### PROVIDED MATERIAL ###
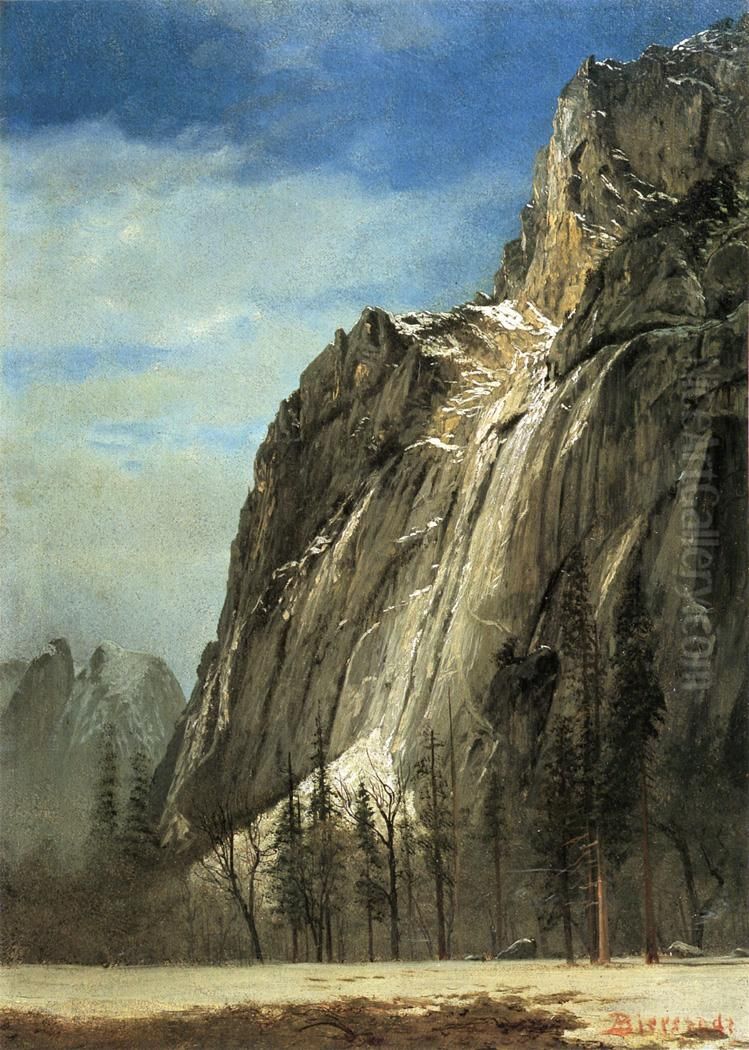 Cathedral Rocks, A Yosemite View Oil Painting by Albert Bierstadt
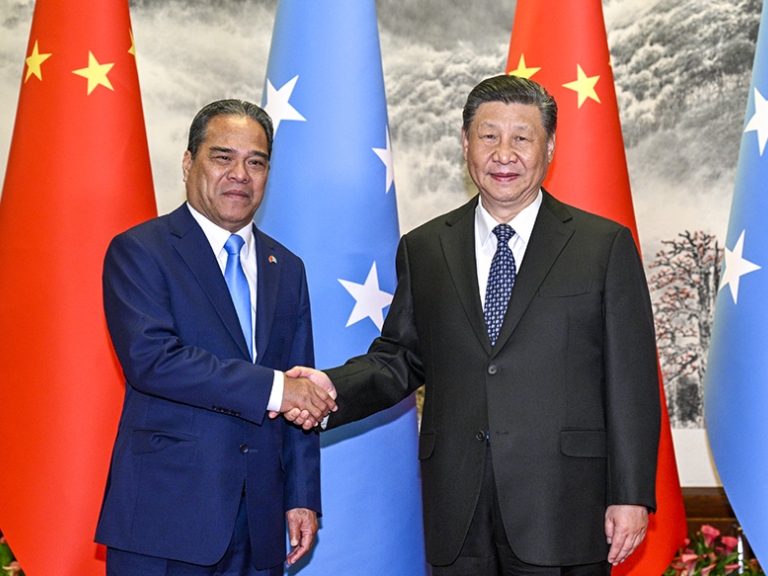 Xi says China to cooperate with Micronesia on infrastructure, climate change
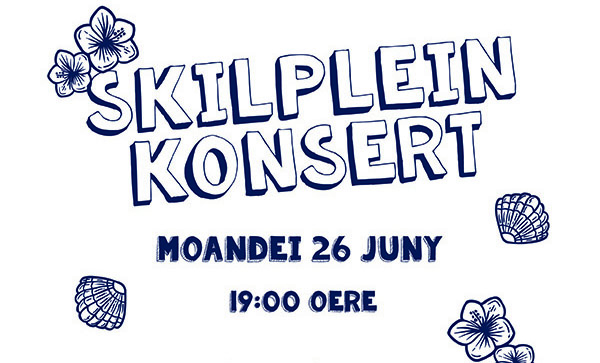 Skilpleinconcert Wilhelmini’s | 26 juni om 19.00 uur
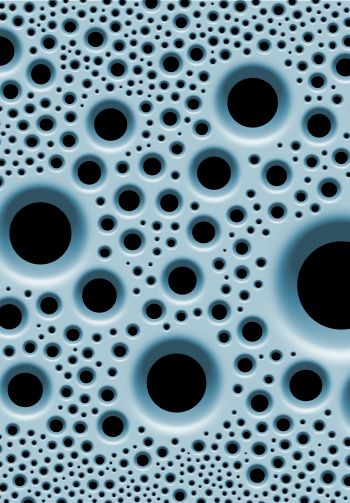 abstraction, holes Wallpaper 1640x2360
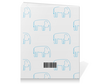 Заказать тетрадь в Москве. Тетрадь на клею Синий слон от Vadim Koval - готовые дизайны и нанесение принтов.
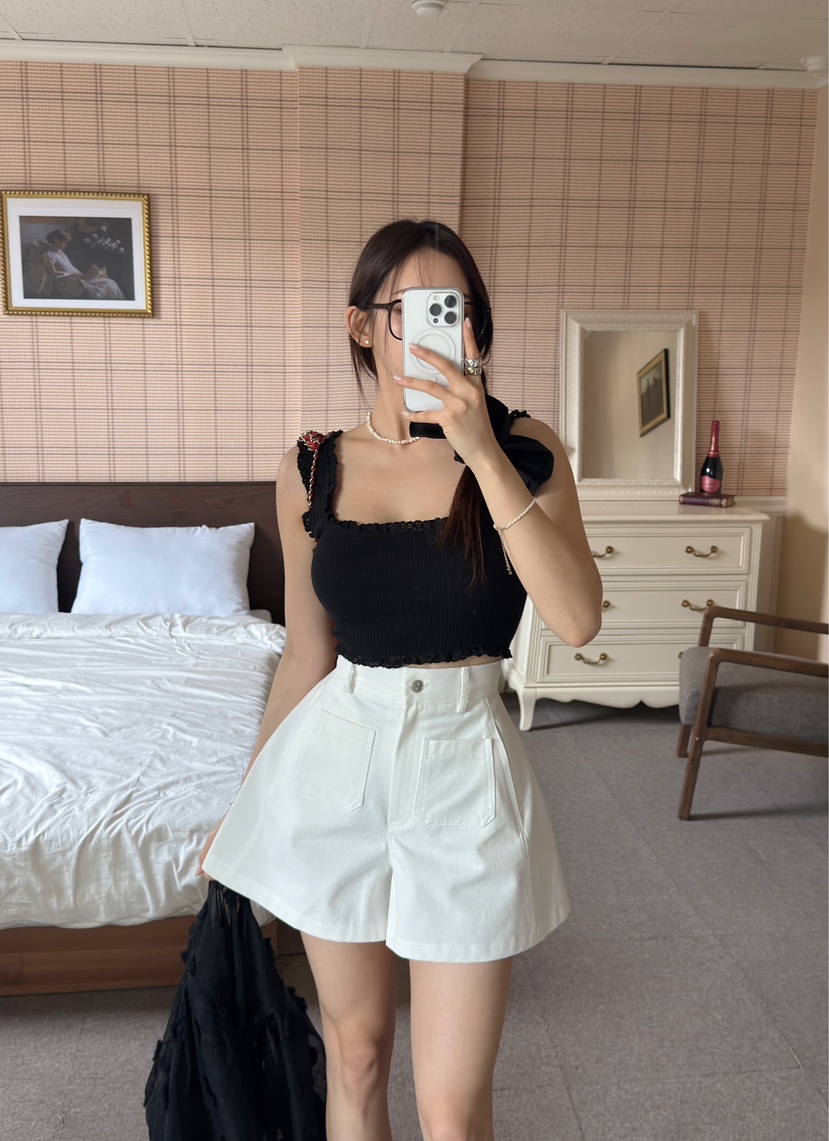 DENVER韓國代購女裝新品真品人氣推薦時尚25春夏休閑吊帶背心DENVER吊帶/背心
###
### PROVIDED MATERIAL ###
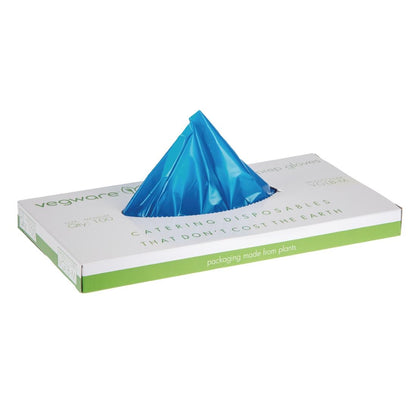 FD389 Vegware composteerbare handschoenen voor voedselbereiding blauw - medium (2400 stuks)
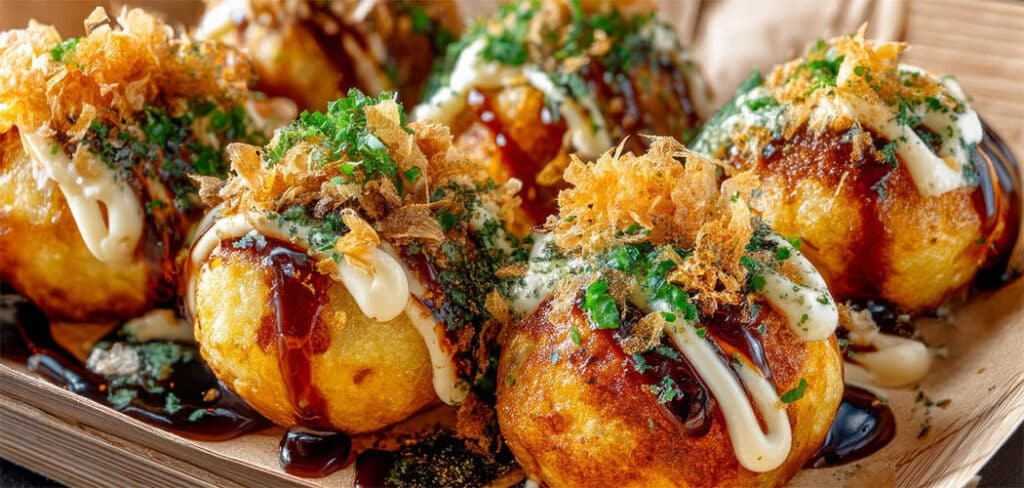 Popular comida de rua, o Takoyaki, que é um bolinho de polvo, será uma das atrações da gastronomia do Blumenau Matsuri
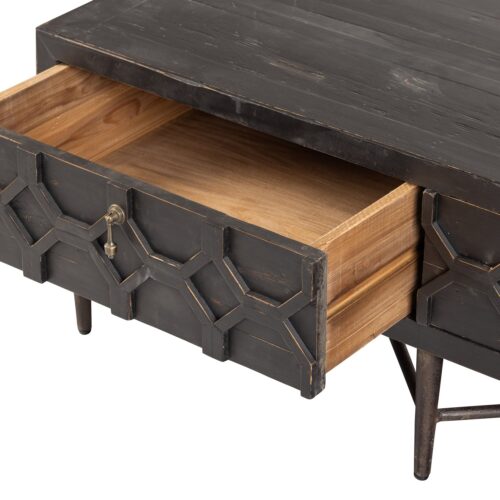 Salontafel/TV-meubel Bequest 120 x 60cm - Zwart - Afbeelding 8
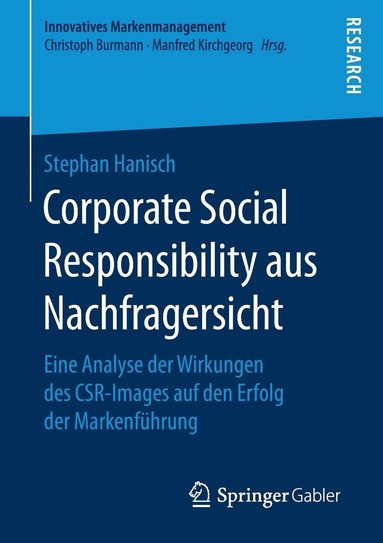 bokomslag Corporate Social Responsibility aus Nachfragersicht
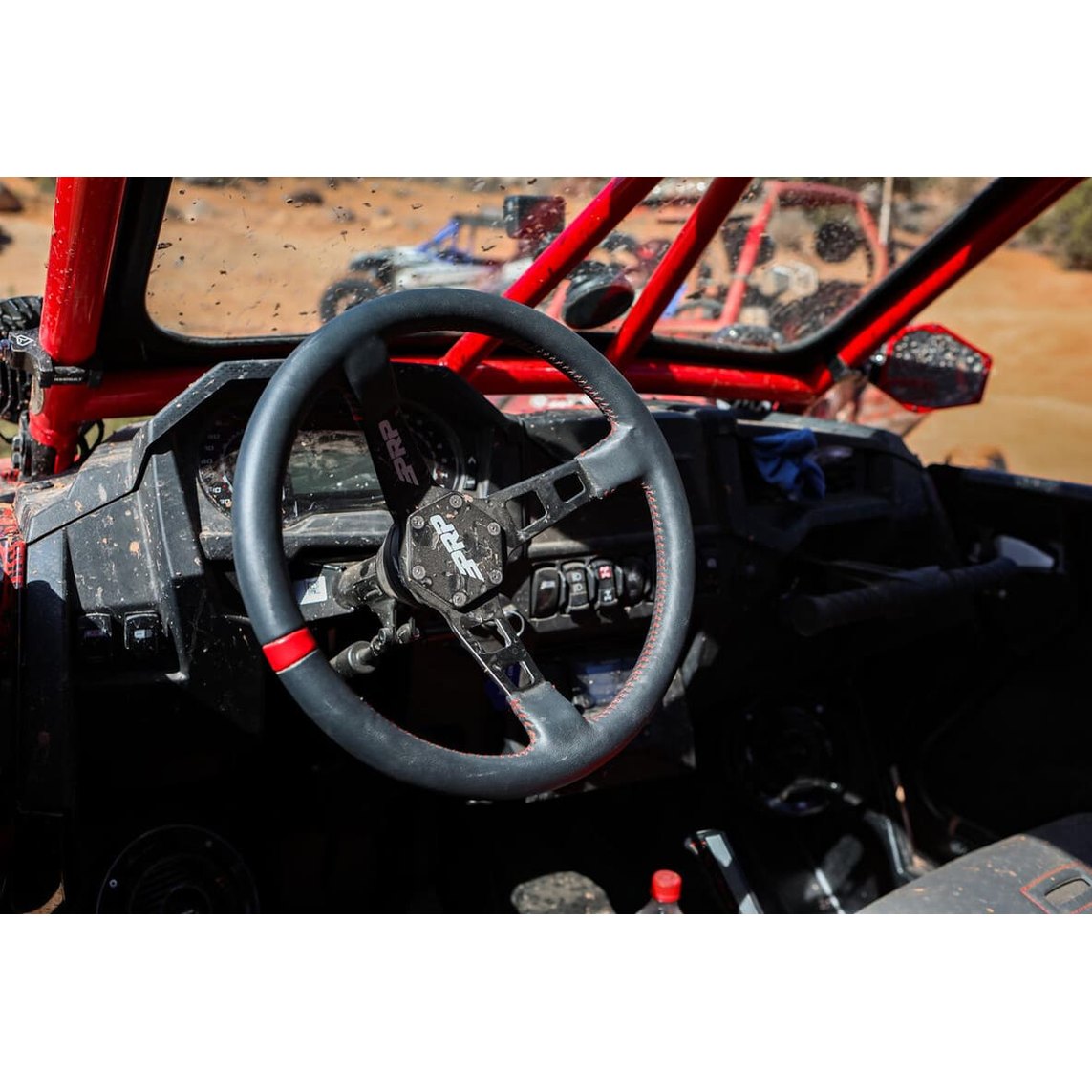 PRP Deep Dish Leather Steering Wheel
###
ASSIGNMENT » Copy only what runs above from the line containing "Xi says China" through the line containing "DENVER韓國代購女裝新品", exactly. Leave out the pictures.

RESULT »
 Xi says China to cooperate with Micronesia on infrastructure, climate change
 Skilpleinconcert Wilhelmini’s | 26 juni om 19.00 uur
 abstraction, holes Wallpaper 1640x2360
 Заказать тетрадь в Москве. Тетрадь на клею Синий слон от Vadim Koval - готовые дизайны и нанесение принтов.
 DENVER韓國代購女裝新品真品人氣推薦時尚25春夏休閑吊帶背心DENVER吊帶/背心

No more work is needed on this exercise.